**** MATERIAL SHOWN
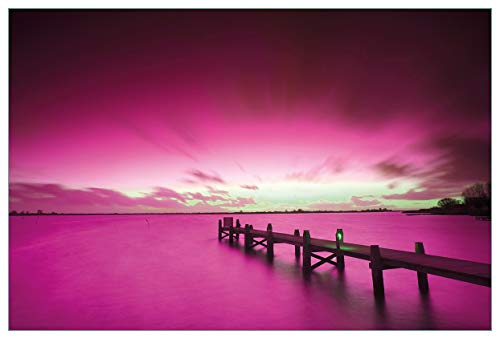 Wallario Küchenrückwand selbstklebend 90 x 60 cm, Motiv: Steg bei Abenddämmerung -Himmel bei Nacht Lila gefärbt | Spritzschutz abwischbar & pflegeleicht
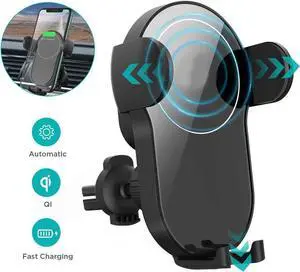 WISDUM Wireless Car Charger,15W Qi Fast Charging Car Mount Charger Auto-Clamping Smart Positioning Air Vent Phone Holder Compatible with iPhone11/11Pro/11Pro Max/XS/XR/X/8/8+,SamsungS10/S10+/S9/S8
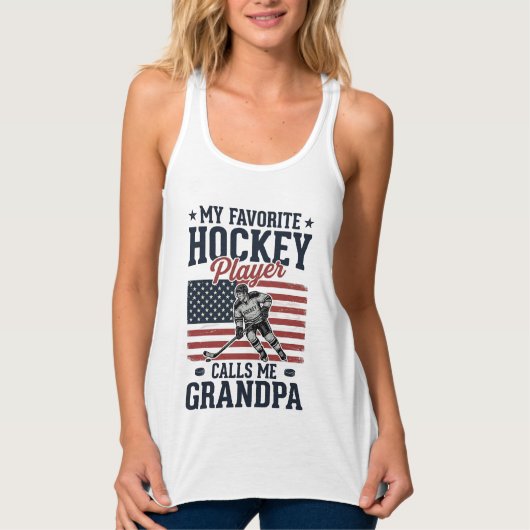 Favoriete Hockeyspeler Noemt Me Opa Vintage Sh Tanktop (Voorkant)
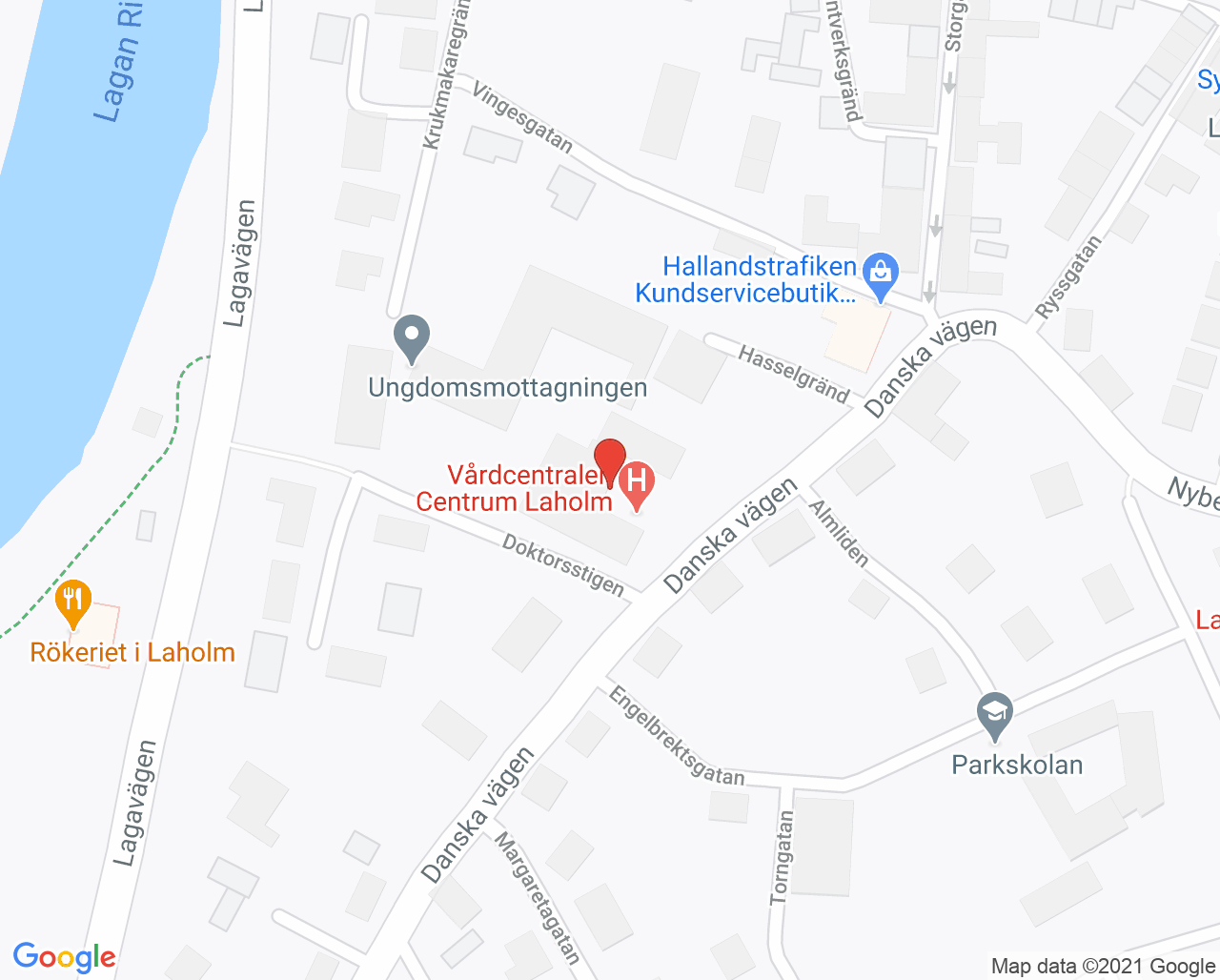 Karta till Helgmottagningen Laholm, Vårdcentralen Halland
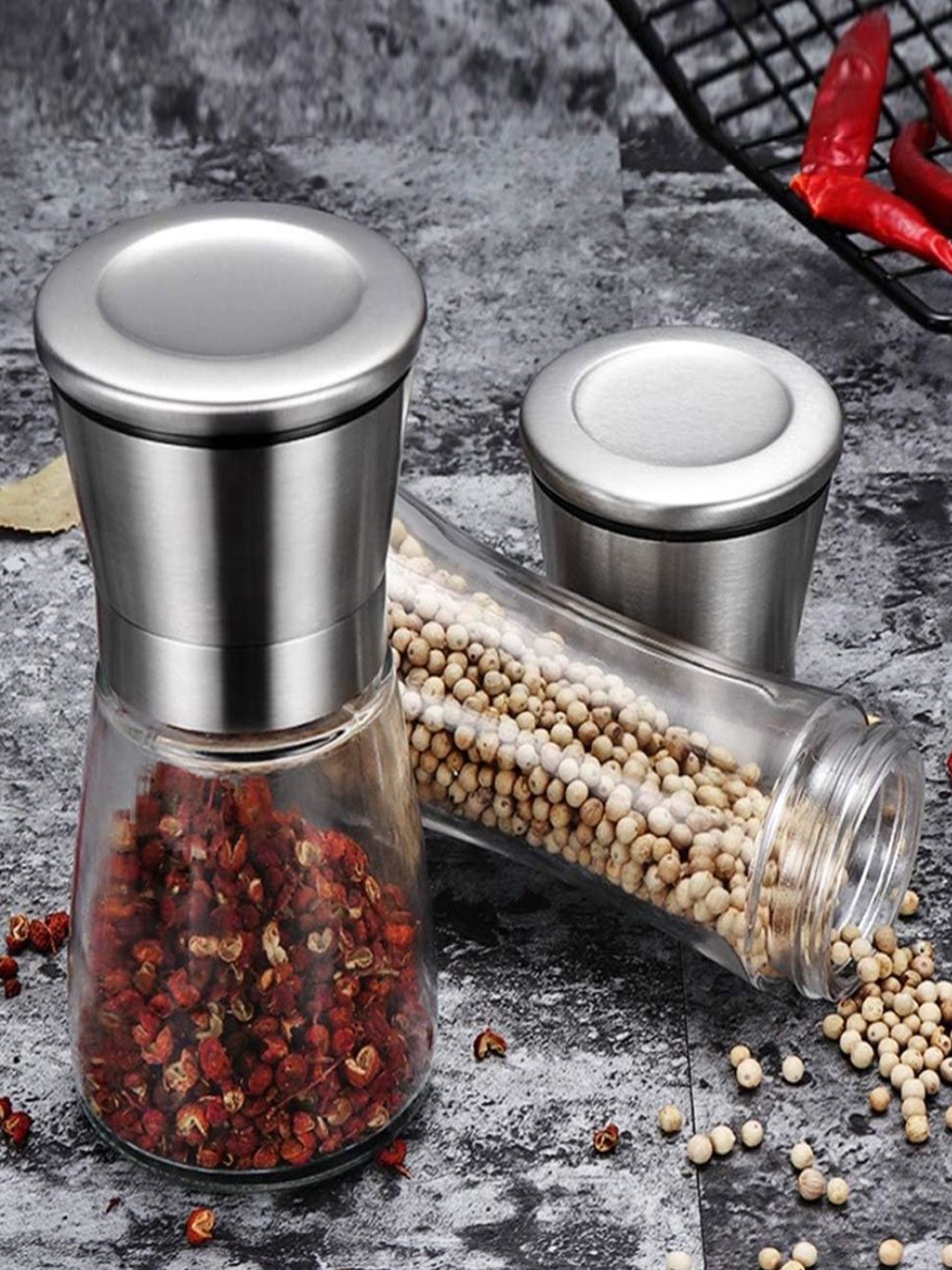 

P-Plus International 2-Pcs Transparent Glass Pepper Crusher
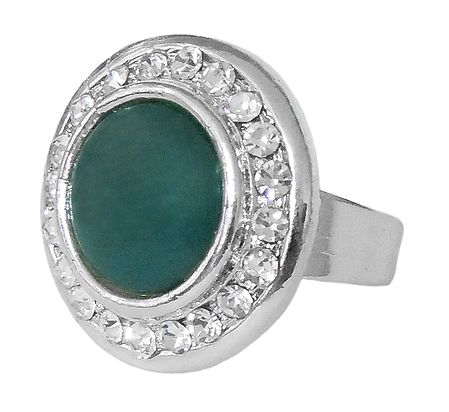 White and Dark Green Stone Setting Metal Ring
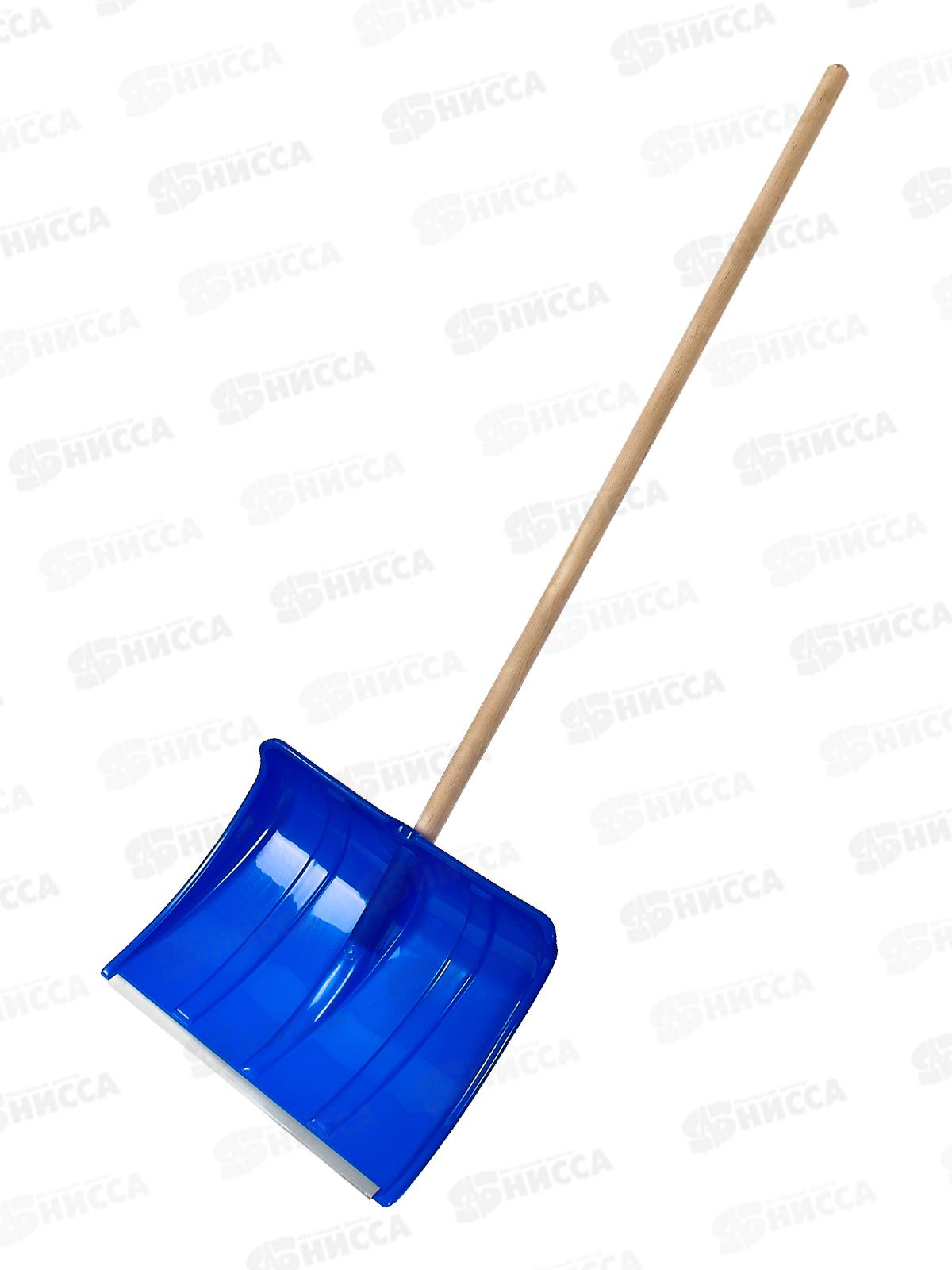 Лопата снеговая МОНБЛАН пластмассоавя 1420*490*370мм (цвет-ультрамарин) алюминиевая планка, берёзовый черенок высшего сорта *5/75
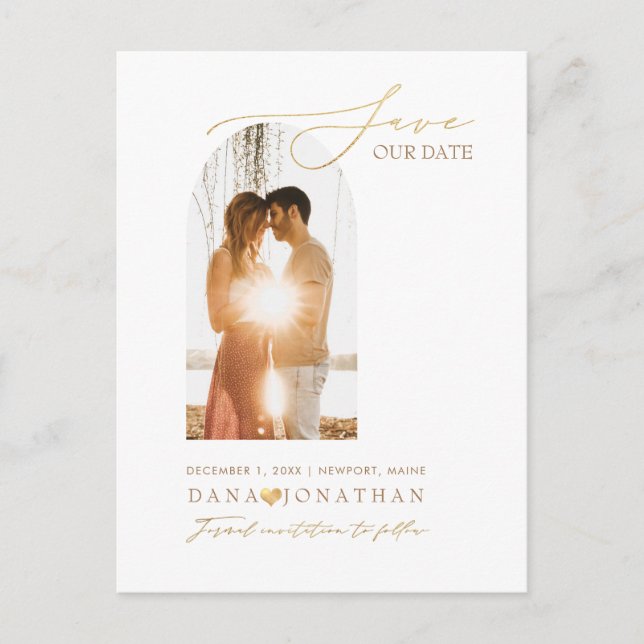 PixDezines gör-det-själv färgbågsram Spara datumet Vykort (Framsida)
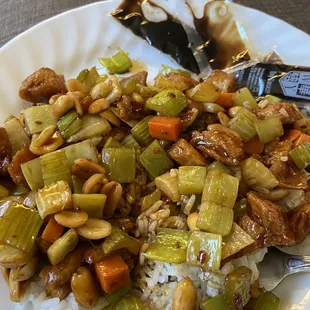 Kung pao chicken with extra veggies- celery only.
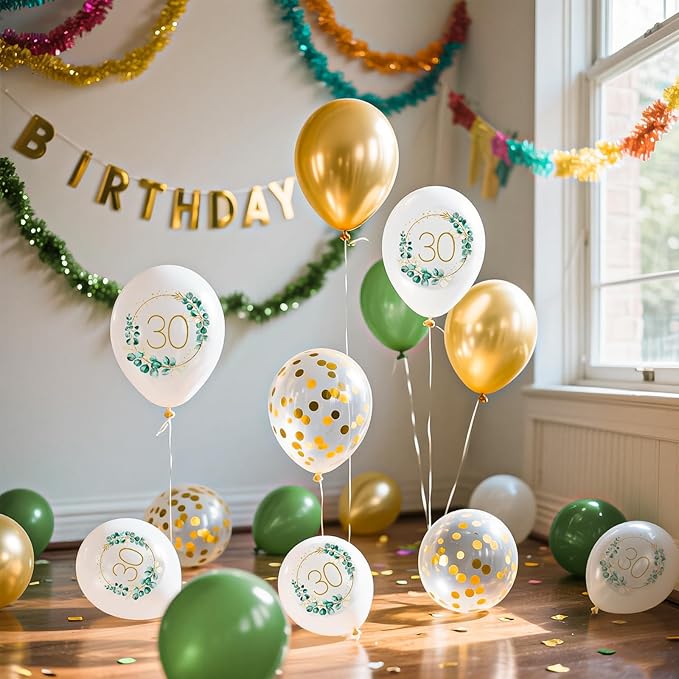 Sage Green Balloons, 14pcs 12inch Sage Green White Metallic Gold Confetti Balloons with Number 18 Printed for Boys Girls Boho 18th Birthday Wedding Bridal Baby Shower Party Decorations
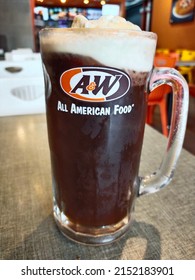 1stMay2022,USJ,Selangor, Malaysia-A Closeup Glass Of Rootbeer With A Scoop Of Vanilla Ice Cream.And It Is Called Rootbeer Float. 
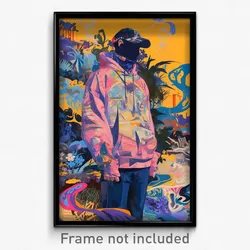 Indonesian Movie Poster - Man Feeling Jubilation, Artistic Pink Hoodie (Print)
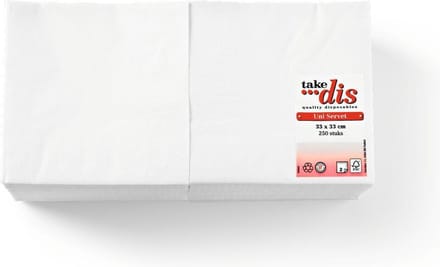 Servetten 2-Laags Wit | Grote verpakking 250 Stuks | Take Dis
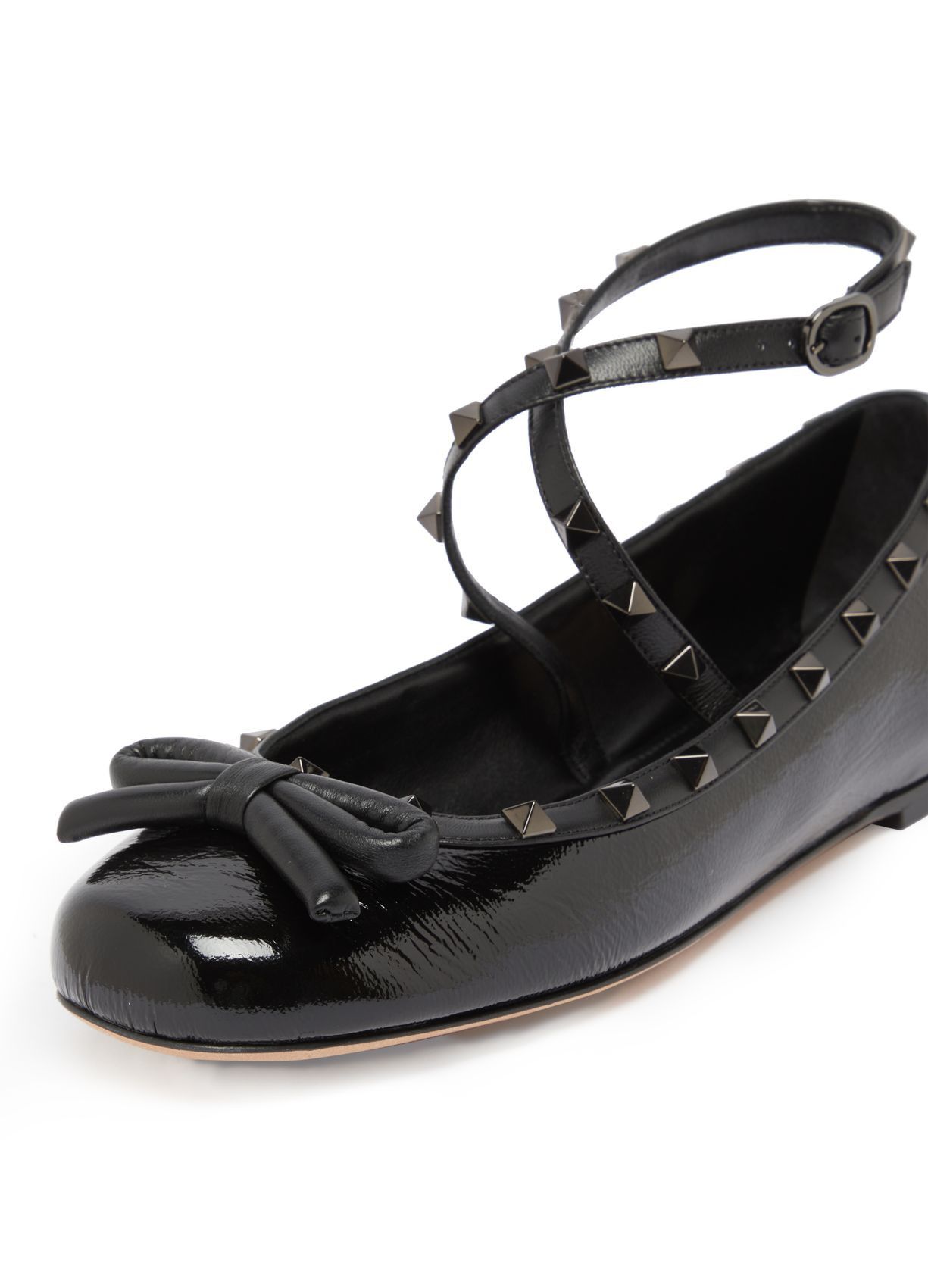 Valentino o1s22i1n0924 Silk Rockstud Ballet Flats in Black Size US 8 / IT 38 - 6 Thumbnail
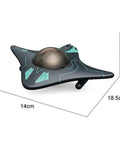 Smart App Controlled Underwater Drone With HD Camera And Dual LED Lights, Real Time Video Transmission, shown with dimensions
********
Above are the entries; write them out again exactly, omitting the pictures.

● **TASK SOLUTION**:
 Wallario Küchenrückwand selbstklebend 90 x 60 cm, Motiv: Steg bei Abenddämmerung -Himmel bei Nacht Lila gefärbt | Spritzschutz abwischbar & pflegeleicht
 WISDUM Wireless Car Charger,15W Qi Fast Charging Car Mount Charger Auto-Clamping Smart Positioning Air Vent Phone Holder Compatible with iPhone11/11Pro/11Pro Max/XS/XR/X/8/8+,SamsungS10/S10+/S9/S8
 Favoriete Hockeyspeler Noemt Me Opa Vintage Sh Tanktop (Voorkant)
 Karta till Helgmottagningen Laholm, Vårdcentralen Halland

P-Plus International 2-Pcs Transparent Glass Pepper Crusher
 White and Dark Green Stone Setting Metal Ring
 Лопата снеговая МОНБЛАН пластмассоавя 1420*490*370мм (цвет-ультрамарин) алюминиевая планка, берёзовый черенок высшего сорта *5/75
 PixDezines gör-det-själv färgbågsram Spara datumet Vykort (Framsida)
 Kung pao chicken with extra veggies- celery only.
 Sage Green Balloons, 14pcs 12inch Sage Green White Metallic Gold Confetti Balloons with Number 18 Printed for Boys Girls Boho 18th Birthday Wedding Bridal Baby Shower Party Decorations
 1stMay2022,USJ,Selangor, Malaysia-A Closeup Glass Of Rootbeer With A Scoop Of Vanilla Ice Cream.And It Is Called Rootbeer Float. 
 Indonesian Movie Poster - Man Feeling Jubilation, Artistic Pink Hoodie (Print)
 Servetten 2-Laags Wit | Grote verpakking 250 Stuks | Take Dis
 Valentino o1s22i1n0924 Silk Rockstud Ballet Flats in Black Size US 8 / IT 38 - 6 Thumbnail
 Smart App Controlled Underwater Drone With HD Camera And Dual LED Lights, Real Time Video Transmission, shown with dimensions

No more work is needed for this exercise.